I agree on the 'custom' word.
There are production knives, hand-made knives, and in-between. CRK knives fall into the high-end of the in-between, and there are very few others in that niche.
A custom knife must be ordered to my design or fitting, and made especially for me. Note that this could be all hand-made, or an in-between with (for instance) a custom handle material, or a production (like a Buck custom shop).
Greg
I think of design and execution as two almost completely separate things. The methods by which something is constructed is execution. The manner in which something is configured is design. The fact that something is made entirely or largely by hand says absolutely nothing about the extent to which it's customized.
Sebenzas are basically machine-made and hand-fit. The plain ones are clearly production products, and yet they are higher in quality than many hand-made knives. The reason for this is that CRK understands when to use the machine and when to use the hand, and they set their operation up around that idea. The design relys on having its parts machined to very close tolerances. Performing those operations by hand would be a step backward in quality, not forward. OTOH, you have to hand-fit a lock bar to its tang to really get it right.
So, IMO, the thing that makes the 'Benzas so good is the way that machine and hand operations are combined. And that is a matter of the quality of execution, not the design.
I guess it could be argued that a 'Benza or Umfaan with unique slabs is a 'customized' knife, but it is still a production product. "Custom" would be the result if I had designed the Umfaan, drawn it up, sent it to CRK and they had made just one to my specifications - regardless of the extent to which machines were involved.
If significant hand work is going to be done on a knife, I think it's important for that work to be well blended into the composition. This is another real strength of the CRK products. The grinds are generally very well executed, but then all the milling is done by machine. They work well together to form a nicely resolved composition.

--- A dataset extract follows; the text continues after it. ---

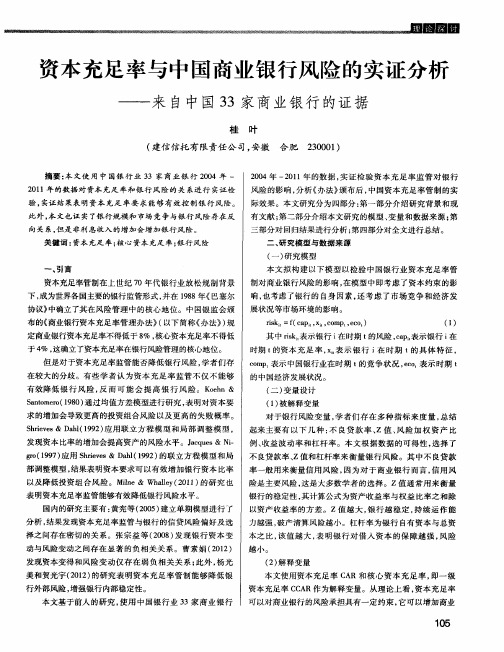 资本充足率与中国商业银行风险的实证分析——来自中国33家商业银行的证据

I have two knives from famous makers that are kind of botched in this respect. On one, the blank is laser-cut, but the grinds don't have good symmetry. On the other, the grinds look great, but there's a flubbed machine cut. When you build something, you've got to think about how well the parts add up. CRK does that very well. It's entirely possible to do good work and yet have the sum of the parts fall short of what the whole should be. That can happen with design, execution, or both.